At the very turn of the year, all around the world there is one song that people delight to sing together. For many, the words themselves may mean little and not be understood but for those who do understand, they symbolise the remembrance of friends and times past – something that was of great importance to the Scots who settled around the globe and took it with them. Robert Burns didn’t write the original text but collected and developed this old song so that we can enjoy it today, wherever we are.

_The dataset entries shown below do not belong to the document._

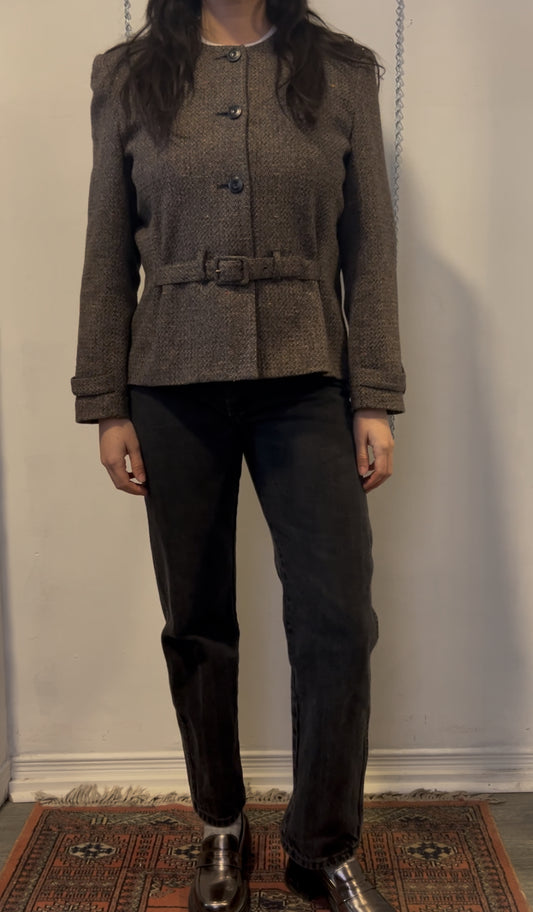 90’s Vintage Brown Tweed Wool Button Down Belted Jacket / Size M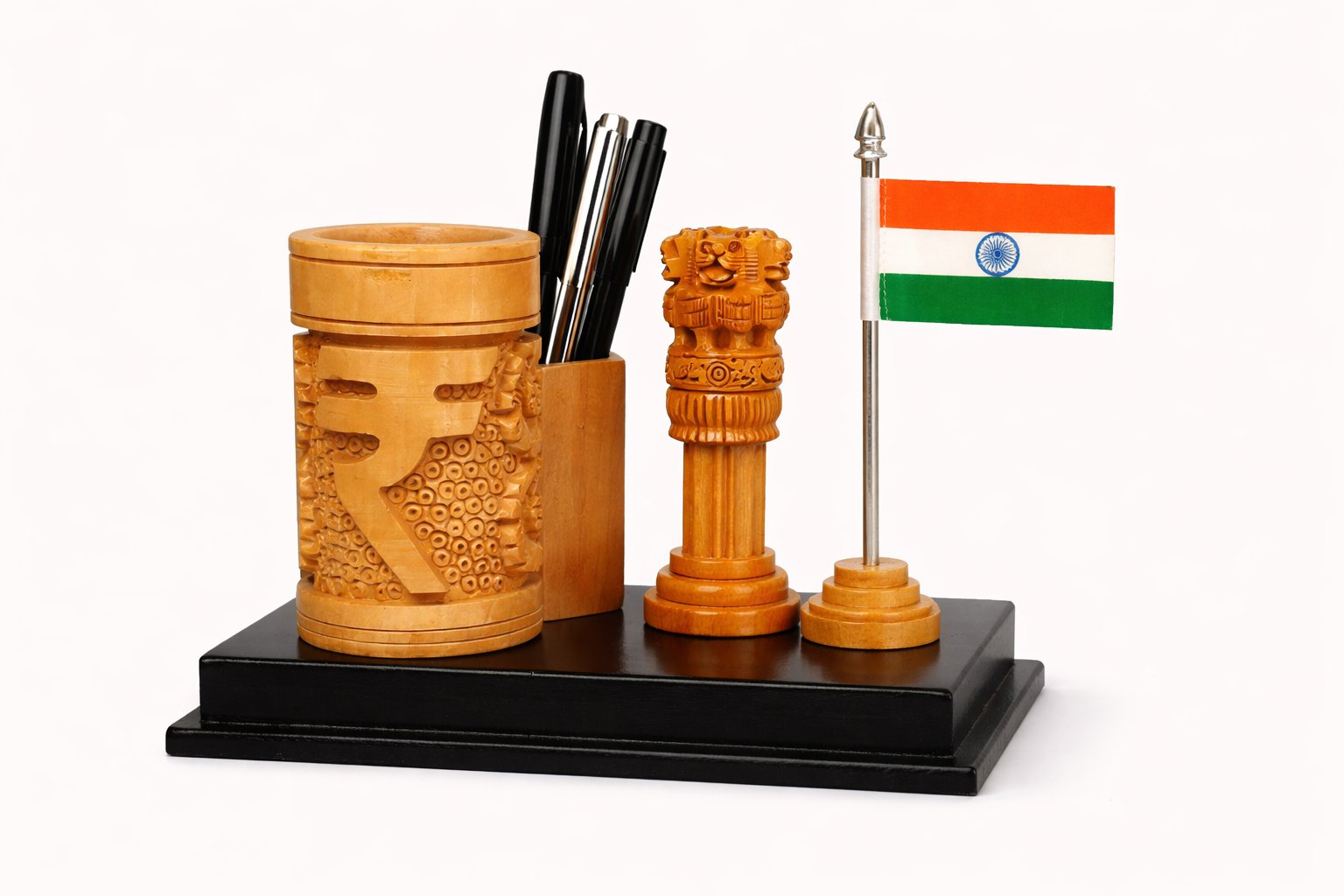 Wooden Emblem Pen Stand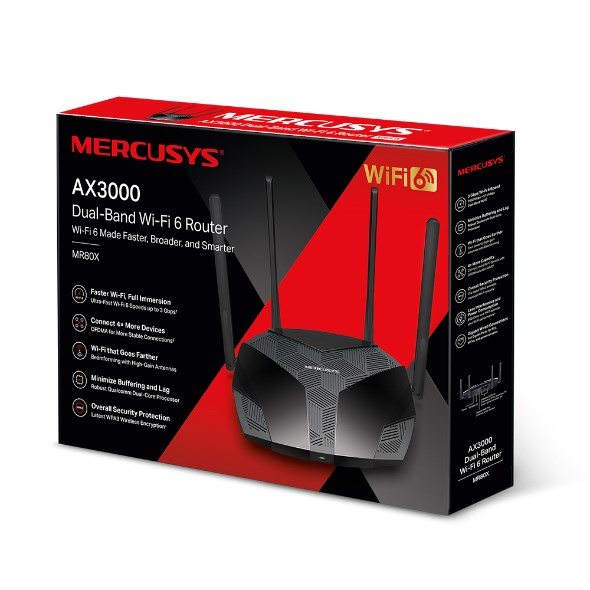Ruter Wi‑Fi Mercusys MR80X AX3000, Dual Band, Wi‑Fi 6, i zi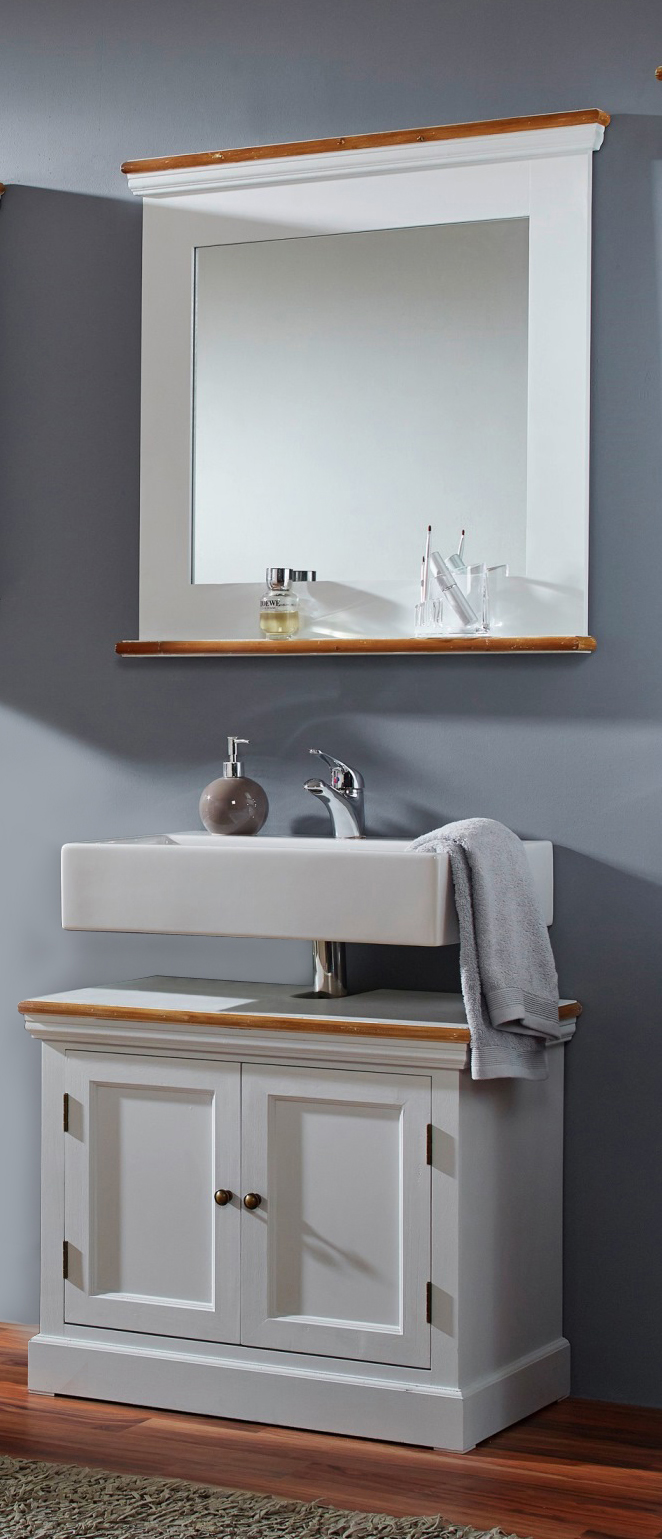 SALE Badmöbel Set Paris lackiert Spiegel 2tlg cm weiß 72,5 Waschplatz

"Should auld acquaintance be forgot, And never brought to mind? Should auld acquaintance be forgot, And auld lang syne!
Chorus.-For auld lang syne, my dear, For auld lang syne. We'll tak a cup o' kindness yet, For auld lang syne.
And surely ye'll be your pint stowp! And surely I'll be mine! And we'll tak a cup o'kindness yet, For auld lang syne. For auld, &c.
We twa hae run about the braes, And pou'd the gowans fine; But we've wander'd mony a weary fit, Sin' auld lang syne. For auld, &c.
We twa hae paidl'd in the burn, Frae morning sun till dine; But seas between us braid hae roar'd Sin' auld lang syne. For auld, &c.
And there's a hand, my trusty fere! And gie's a hand o' thine! And we'll tak a right gude-willie waught, For auld lang syne. For auld, &c."